Control Panel CVE-2023-3479

MEDIUM
Cross-site Scripting (XSS) (CWE-79)
2023-06-30 security@huntr.dev
6.1
CVSS 3.1 · NVD
Share

Severity by source

NVD PRIMARY
6.1 MEDIUM
AV:N/AC:L/PR:N/UI:R/S:C/C:L/I:L/A:N

Primary rating from NVD · only source for this CVE.

CVSS VectorNVD

CVSS:3.1/AV:N/AC:L/PR:N/UI:R/S:C/C:L/I:L/A:N
Attack Vector
Network
Attack Complexity
Low
Privileges Required
None
User Interaction
Required
Scope
Changed
Confidentiality
Low
Integrity
Low
Availability
None

Lifecycle Timeline

1
CVE Published
Jun 30, 2023 - 10:15 nvd
MEDIUM 6.1

DescriptionNVD

Cross-site Scripting (XSS) - Reflected in GitHub repository hestiacp/hestiacp prior to 1.7.8.

AnalysisAI

Cross-site Scripting (XSS) - Reflected in GitHub repository hestiacp/hestiacp prior to 1.7.8. Rated medium severity (CVSS 6.1), this vulnerability is remotely exploitable, no authentication required, low attack complexity.

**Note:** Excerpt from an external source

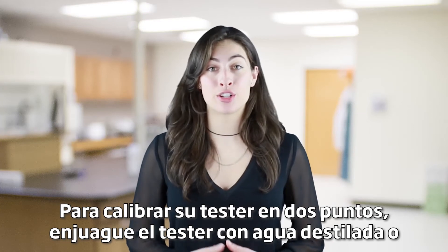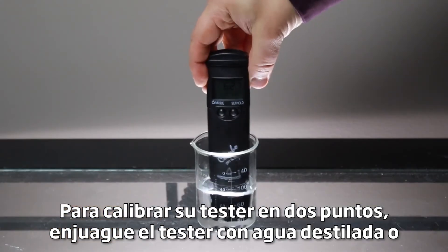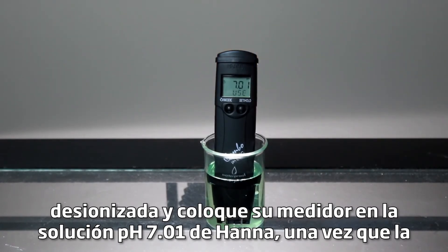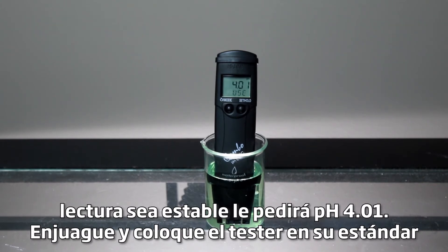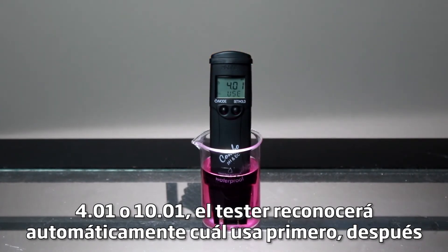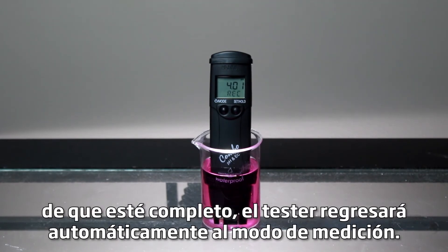To calibrate your tester to two points, rinse the tester with distilled or deionized water and place the tester in your HANA pH 7.01 buffer. Once the reading is stable, it will ask you for pH 4.01. Rinse and place the tester in your 4.01 or 10.01 buffer — the tester will automatically recognize which one you use first. After it's complete, the tester will automatically return to measurement mode.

Public exploit code available.

Technical ContextAI

This vulnerability is classified as Cross-Site Scripting (XSS) (CWE-79), which allows attackers to inject malicious scripts into web pages viewed by other users. Cross-site Scripting (XSS) - Reflected in GitHub repository hestiacp/hestiacp prior to 1.7.8. Affected products include: Hestiacp Control Panel. Version information: prior to 1.7.8..

RemediationAI

A vendor patch is available. Apply the latest security update as soon as possible. Sanitize all user input, use Content-Security-Policy headers, encode output contextually (HTML, JS, URL). Use frameworks with built-in XSS protection.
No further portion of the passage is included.